CGI-like responses (CGI, FastCGI, SCGI, uwsgi, etc) are parsed by the web server, and web servers do not expect a Transfer-Encoding from CGI-like backends, unless that CGI-like backend is configured to be a NPH (non-parsed header) script, where the web server supports and has been configured to not parse the response headers from the backend. In Apache, this may be done by naming a CGI script to begin with 'nph-' in the script name. Apparently, lighttpd provided NPH-like behavior in versions prior to 1.4.40, but changes in lighttpd 1.4.40 -- which were made to fix potentially unbounded memory use by lighttpd -- appear to have broken the accidental(?) NPH-like behavior you were relying on.
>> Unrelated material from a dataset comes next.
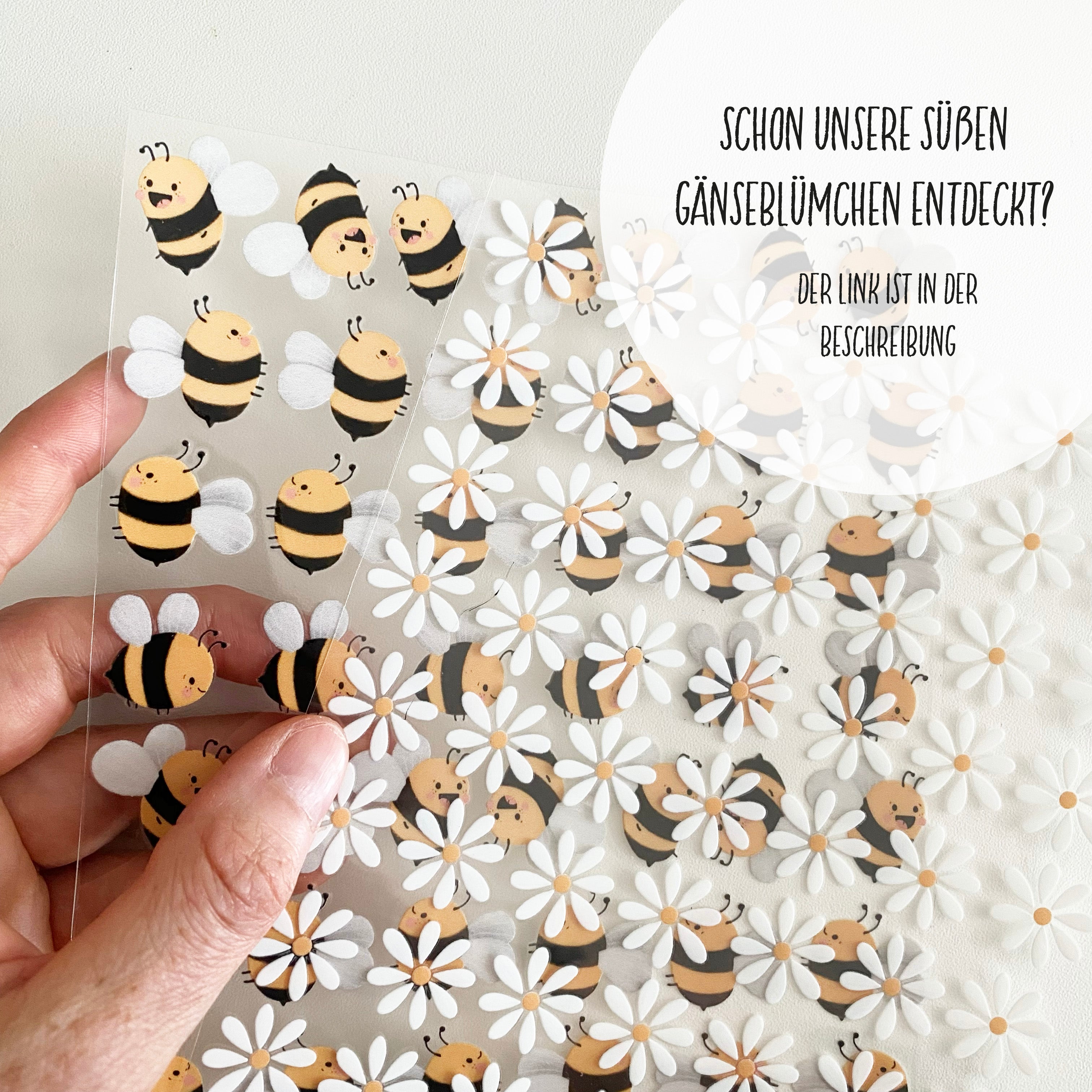 Rub-on Sticker Bienen wasserfest - für Glas,Holz,Metall & Kunststoff, ohne Rand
However, if your FastCGI backend must control the Transfer-Encoding (a hop-by-hop connection header) as your backend responds to clients, then your backend would do well to actually speak HTTP/1.1 protocol and either be the web server, or be the web backend for a web server to proxy to and that speaks HTTP/1.1 to your backend. In the latter case, the web server speaking HTTP/1.1 to your backend need not necessarily send chunks back to the client. Again, Transfer-Encoding is a hop-by-hop transfer encoding. The web server might decode the chunked response and send it back to an HTTP/1.0 client.
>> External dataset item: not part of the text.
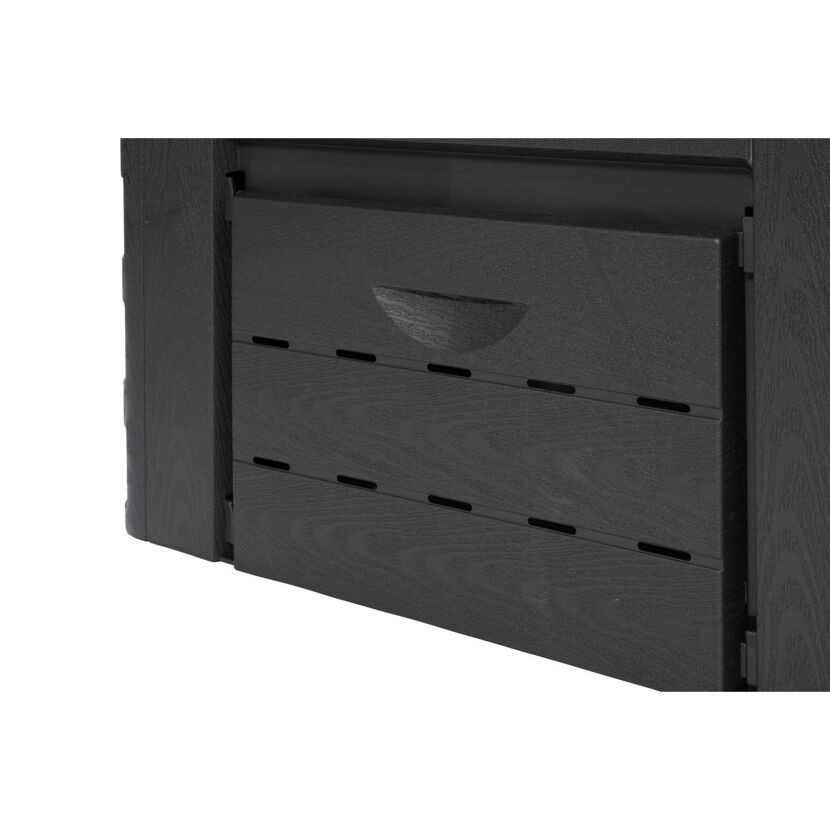 Komposter 'BlackLine' schwarz 400 l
Taking a wider view, please ask yourself what you are attempting to accomplish. You are trying to do something (not described here by you), and the solution you found that seemed to work was to have your backend send Transfer-Encoding: chunked. Why? If your FastCGI simply omitted Transfer-Encoding and Content-Length, then the response to the client would close at the end of the response, effectively disabling keep-alive of the connection. Perhaps that was what you were trying to avoid?

In any case, I am going to guess that you were attempting to stream a response to the client. Have a look at the lighttpd 1.4.40 directive

  server.stream-response-body = 1

See the commit message 695c8f4e for a description.
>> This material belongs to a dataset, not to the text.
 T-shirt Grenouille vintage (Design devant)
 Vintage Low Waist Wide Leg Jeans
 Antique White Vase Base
tl;dr: I don't think it in your best interest for your backend to send Transfer-Encoding: chunked unless your backend is speaking HTTP/1.1. There are better, modern libraries you can use to have your backend speak HTTP/1.1 instead of looking for NPH-like behavior from CGI or FastCGI. What are you actually trying to accomplish?

RE: chunked encoding from a fastcgi application seems broken since 1.4.40 - Added by gstrauss over 8 years ago

CGI spec https://tools.ietf.org/html/rfc3875#section-6.3.4

   The script MUST NOT return any header fields that relate to
   client-side communication issues and could affect the server's
   ability to send the response to the client.

FastCGI already has a protocol (named, unsuprisingly, the FastCGI protocol) for sending response back to web server using the structured FCGI_Header with type FCGI_STDOUT. Transfer-Encoding, an HTTP hop-by-hop header, is not something a FastCGI backend should be sending. Ever.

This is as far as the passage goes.